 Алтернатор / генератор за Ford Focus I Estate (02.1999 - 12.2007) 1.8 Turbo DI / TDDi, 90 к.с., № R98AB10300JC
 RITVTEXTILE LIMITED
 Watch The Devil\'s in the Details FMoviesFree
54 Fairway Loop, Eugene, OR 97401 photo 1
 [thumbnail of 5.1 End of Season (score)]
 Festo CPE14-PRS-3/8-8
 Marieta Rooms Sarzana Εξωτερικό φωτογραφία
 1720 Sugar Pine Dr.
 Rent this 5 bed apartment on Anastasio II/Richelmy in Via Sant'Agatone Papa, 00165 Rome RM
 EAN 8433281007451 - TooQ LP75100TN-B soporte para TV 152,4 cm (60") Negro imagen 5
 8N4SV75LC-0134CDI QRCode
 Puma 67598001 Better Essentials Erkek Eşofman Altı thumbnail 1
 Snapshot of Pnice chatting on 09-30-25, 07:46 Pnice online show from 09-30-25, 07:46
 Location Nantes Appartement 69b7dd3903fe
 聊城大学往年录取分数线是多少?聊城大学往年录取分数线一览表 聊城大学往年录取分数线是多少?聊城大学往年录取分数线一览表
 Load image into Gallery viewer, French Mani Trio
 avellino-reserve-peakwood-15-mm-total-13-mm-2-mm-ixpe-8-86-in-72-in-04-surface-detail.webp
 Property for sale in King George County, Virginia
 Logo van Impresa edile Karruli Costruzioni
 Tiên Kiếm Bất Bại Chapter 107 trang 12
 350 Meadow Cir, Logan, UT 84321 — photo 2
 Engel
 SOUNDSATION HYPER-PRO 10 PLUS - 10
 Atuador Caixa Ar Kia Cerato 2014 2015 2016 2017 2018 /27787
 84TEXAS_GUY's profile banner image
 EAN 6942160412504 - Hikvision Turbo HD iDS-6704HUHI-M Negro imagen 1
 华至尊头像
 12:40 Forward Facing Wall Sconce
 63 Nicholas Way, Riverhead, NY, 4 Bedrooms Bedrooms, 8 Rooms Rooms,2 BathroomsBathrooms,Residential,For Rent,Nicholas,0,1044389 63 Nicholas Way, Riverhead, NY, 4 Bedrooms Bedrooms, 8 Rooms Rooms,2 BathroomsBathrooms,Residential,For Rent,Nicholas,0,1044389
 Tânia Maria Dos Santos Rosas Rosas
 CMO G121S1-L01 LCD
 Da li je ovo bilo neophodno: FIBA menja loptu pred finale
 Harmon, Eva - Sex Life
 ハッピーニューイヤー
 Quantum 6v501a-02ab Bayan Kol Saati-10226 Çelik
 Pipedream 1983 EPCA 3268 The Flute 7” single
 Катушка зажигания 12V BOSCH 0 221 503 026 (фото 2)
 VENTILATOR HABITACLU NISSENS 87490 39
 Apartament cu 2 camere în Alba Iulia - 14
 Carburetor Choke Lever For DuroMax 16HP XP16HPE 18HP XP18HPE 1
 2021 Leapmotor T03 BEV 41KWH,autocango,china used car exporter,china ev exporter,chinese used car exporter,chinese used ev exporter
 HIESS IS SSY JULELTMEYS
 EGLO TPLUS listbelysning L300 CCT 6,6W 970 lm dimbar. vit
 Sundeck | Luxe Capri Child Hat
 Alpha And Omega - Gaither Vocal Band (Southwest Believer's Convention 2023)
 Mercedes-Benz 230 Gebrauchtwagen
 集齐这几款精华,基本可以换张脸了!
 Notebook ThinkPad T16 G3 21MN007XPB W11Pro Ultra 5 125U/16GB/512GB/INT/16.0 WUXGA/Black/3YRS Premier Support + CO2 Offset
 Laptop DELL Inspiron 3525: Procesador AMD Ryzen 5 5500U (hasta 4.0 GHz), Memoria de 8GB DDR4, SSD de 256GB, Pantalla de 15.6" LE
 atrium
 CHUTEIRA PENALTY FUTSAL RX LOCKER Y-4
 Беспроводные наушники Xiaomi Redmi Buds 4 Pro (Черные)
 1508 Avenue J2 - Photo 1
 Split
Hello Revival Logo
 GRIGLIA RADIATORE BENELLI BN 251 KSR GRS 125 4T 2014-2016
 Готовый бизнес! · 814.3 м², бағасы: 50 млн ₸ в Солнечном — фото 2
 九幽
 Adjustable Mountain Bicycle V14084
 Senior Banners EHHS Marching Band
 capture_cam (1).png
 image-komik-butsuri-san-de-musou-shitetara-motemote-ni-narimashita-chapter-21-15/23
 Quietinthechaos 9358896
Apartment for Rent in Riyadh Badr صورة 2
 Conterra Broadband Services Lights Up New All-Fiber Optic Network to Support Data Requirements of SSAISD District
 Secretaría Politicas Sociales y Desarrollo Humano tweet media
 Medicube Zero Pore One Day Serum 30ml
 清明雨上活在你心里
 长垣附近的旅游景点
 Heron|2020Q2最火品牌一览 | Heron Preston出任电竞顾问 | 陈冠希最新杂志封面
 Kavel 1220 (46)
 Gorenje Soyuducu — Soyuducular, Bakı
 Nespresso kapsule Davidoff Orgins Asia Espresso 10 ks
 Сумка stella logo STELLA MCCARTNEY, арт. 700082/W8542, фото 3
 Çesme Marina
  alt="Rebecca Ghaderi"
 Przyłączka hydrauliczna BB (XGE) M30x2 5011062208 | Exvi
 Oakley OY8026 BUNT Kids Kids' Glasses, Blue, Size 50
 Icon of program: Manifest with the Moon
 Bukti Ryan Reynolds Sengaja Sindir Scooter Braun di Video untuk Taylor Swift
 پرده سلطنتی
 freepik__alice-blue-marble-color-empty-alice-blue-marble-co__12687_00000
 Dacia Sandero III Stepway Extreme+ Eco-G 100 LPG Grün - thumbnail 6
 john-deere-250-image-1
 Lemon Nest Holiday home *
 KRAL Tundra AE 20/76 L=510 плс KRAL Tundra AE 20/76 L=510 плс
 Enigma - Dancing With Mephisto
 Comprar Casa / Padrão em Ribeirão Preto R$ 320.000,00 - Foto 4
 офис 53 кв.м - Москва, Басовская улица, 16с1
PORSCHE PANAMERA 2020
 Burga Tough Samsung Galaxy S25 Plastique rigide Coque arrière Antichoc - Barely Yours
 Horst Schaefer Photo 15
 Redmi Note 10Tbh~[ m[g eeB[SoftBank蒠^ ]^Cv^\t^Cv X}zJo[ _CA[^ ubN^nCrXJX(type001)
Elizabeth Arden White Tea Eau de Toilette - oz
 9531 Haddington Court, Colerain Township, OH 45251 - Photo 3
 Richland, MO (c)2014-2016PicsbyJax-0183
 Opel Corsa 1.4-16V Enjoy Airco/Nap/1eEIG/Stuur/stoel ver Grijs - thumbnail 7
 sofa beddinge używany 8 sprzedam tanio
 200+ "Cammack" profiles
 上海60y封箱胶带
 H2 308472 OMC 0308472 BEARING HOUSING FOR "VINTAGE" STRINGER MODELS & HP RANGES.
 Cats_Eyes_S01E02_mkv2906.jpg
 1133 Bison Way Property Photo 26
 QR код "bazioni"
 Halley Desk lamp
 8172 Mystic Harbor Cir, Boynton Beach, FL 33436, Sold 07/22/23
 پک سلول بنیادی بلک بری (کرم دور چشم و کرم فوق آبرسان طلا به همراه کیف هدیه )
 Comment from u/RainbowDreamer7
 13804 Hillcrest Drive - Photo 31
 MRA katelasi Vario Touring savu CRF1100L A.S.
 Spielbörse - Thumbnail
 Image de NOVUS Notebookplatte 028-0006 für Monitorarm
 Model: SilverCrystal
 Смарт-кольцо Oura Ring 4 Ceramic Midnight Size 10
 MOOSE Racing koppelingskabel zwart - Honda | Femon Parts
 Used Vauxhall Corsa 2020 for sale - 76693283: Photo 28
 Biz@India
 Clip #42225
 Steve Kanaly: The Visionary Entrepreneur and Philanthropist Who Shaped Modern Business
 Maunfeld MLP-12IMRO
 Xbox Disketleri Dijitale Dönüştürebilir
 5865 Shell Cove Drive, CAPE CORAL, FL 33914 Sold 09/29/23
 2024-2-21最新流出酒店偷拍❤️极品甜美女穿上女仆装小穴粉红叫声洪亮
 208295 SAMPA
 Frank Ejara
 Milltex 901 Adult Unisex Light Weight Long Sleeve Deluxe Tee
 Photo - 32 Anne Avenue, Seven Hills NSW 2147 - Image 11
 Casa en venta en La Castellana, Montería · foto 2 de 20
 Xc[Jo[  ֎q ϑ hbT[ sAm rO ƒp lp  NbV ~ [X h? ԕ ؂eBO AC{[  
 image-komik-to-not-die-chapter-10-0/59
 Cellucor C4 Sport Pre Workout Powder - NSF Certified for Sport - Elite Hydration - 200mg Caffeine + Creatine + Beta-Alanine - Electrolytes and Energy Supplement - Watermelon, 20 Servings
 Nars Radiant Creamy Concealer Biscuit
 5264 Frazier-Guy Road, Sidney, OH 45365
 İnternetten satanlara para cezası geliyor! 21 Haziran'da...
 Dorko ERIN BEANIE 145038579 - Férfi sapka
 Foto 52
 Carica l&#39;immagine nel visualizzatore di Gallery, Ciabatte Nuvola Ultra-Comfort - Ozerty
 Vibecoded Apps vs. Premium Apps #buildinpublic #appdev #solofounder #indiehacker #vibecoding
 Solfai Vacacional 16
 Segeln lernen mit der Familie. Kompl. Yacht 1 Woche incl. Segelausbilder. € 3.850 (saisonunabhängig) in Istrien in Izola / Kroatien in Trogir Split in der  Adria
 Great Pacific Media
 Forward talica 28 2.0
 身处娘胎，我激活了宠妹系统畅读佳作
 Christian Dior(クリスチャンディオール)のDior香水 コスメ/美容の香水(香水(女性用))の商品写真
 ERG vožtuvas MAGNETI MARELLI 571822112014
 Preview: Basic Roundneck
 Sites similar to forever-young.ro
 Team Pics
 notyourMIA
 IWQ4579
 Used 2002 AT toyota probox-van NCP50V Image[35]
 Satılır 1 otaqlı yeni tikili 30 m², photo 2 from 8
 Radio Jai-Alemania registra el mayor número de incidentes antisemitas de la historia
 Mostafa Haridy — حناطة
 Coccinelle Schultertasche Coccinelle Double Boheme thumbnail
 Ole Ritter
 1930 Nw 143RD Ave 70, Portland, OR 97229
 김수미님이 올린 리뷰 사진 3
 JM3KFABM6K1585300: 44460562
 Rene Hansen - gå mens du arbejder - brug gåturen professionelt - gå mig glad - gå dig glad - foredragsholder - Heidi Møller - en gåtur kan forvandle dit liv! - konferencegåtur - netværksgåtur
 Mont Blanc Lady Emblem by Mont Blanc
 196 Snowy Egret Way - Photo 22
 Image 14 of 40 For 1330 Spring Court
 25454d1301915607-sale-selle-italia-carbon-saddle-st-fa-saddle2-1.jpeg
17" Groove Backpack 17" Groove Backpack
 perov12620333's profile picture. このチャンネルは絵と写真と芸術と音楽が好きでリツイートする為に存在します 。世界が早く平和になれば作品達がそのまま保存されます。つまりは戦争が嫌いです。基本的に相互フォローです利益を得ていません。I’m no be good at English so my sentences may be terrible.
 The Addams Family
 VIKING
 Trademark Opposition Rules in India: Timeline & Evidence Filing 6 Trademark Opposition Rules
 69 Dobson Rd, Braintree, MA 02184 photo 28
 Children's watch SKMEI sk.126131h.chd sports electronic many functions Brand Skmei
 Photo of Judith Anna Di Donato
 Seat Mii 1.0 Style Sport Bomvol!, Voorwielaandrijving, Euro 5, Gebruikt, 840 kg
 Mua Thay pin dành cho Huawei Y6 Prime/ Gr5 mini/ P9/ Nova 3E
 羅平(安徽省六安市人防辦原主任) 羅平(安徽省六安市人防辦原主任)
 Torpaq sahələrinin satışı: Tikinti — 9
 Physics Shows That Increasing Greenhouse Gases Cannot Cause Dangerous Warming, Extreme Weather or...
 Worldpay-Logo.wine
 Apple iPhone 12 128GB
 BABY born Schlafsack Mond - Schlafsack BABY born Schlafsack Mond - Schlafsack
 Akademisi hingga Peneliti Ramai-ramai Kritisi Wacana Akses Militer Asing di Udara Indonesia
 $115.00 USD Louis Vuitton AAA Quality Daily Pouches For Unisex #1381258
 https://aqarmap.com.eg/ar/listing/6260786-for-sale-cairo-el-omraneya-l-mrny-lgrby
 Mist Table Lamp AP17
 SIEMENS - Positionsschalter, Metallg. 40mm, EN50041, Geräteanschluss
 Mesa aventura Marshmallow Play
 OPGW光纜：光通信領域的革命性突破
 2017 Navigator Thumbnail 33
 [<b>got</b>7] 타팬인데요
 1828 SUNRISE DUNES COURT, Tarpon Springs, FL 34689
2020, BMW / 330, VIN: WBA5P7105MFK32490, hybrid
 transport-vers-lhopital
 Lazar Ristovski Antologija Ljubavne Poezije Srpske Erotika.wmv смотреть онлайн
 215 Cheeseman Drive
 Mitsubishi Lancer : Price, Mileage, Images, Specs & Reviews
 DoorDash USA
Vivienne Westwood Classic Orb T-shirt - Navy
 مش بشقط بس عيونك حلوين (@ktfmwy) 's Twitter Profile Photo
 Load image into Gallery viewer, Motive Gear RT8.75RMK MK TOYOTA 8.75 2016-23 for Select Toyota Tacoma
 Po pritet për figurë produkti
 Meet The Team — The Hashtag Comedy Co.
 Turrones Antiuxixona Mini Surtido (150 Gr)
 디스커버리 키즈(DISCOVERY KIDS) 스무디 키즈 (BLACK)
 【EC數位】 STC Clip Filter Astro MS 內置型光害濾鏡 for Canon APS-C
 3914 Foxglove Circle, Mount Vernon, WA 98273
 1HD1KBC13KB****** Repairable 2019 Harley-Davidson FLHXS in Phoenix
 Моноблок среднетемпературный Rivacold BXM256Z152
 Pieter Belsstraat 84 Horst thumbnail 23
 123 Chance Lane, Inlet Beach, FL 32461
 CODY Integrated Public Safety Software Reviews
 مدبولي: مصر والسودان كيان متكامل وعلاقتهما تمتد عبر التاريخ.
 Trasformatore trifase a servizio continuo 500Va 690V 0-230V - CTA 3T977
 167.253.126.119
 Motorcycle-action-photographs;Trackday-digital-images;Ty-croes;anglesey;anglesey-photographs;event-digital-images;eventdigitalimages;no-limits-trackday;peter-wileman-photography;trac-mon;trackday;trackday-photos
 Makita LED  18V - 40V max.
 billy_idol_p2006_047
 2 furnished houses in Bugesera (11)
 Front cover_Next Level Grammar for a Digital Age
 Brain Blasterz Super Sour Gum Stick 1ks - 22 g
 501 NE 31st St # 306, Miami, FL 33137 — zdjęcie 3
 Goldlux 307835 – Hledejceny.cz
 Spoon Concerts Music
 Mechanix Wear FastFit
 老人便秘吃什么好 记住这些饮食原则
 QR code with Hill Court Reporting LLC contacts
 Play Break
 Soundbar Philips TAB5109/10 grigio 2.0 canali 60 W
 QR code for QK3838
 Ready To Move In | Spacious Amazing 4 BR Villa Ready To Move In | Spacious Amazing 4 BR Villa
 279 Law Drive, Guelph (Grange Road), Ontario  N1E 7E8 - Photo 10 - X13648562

+++

• **EXERCISE PROMPT**
Only the lines above starting at the line that holds "Carica l&#39;immagine nel" and ending at the line that holds "Satılır 1 otaqlı" are to be repeated, exactly and in full.

• **WORKED SOLUTION**
 Carica l&#39;immagine nel visualizzatore di Gallery, Ciabatte Nuvola Ultra-Comfort - Ozerty
 Vibecoded Apps vs. Premium Apps #buildinpublic #appdev #solofounder #indiehacker #vibecoding
 Solfai Vacacional 16
 Segeln lernen mit der Familie. Kompl. Yacht 1 Woche incl. Segelausbilder. € 3.850 (saisonunabhängig) in Istrien in Izola / Kroatien in Trogir Split in der  Adria
 Great Pacific Media
 Forward talica 28 2.0
 身处娘胎，我激活了宠妹系统畅读佳作
 Christian Dior(クリスチャンディオール)のDior香水 コスメ/美容の香水(香水(女性用))の商品写真
 ERG vožtuvas MAGNETI MARELLI 571822112014
 Preview: Basic Roundneck
 Sites similar to forever-young.ro
 Team Pics
 notyourMIA
 IWQ4579
 Used 2002 AT toyota probox-van NCP50V Image[35]
 Satılır 1 otaqlı yeni tikili 30 m², photo 2 from 8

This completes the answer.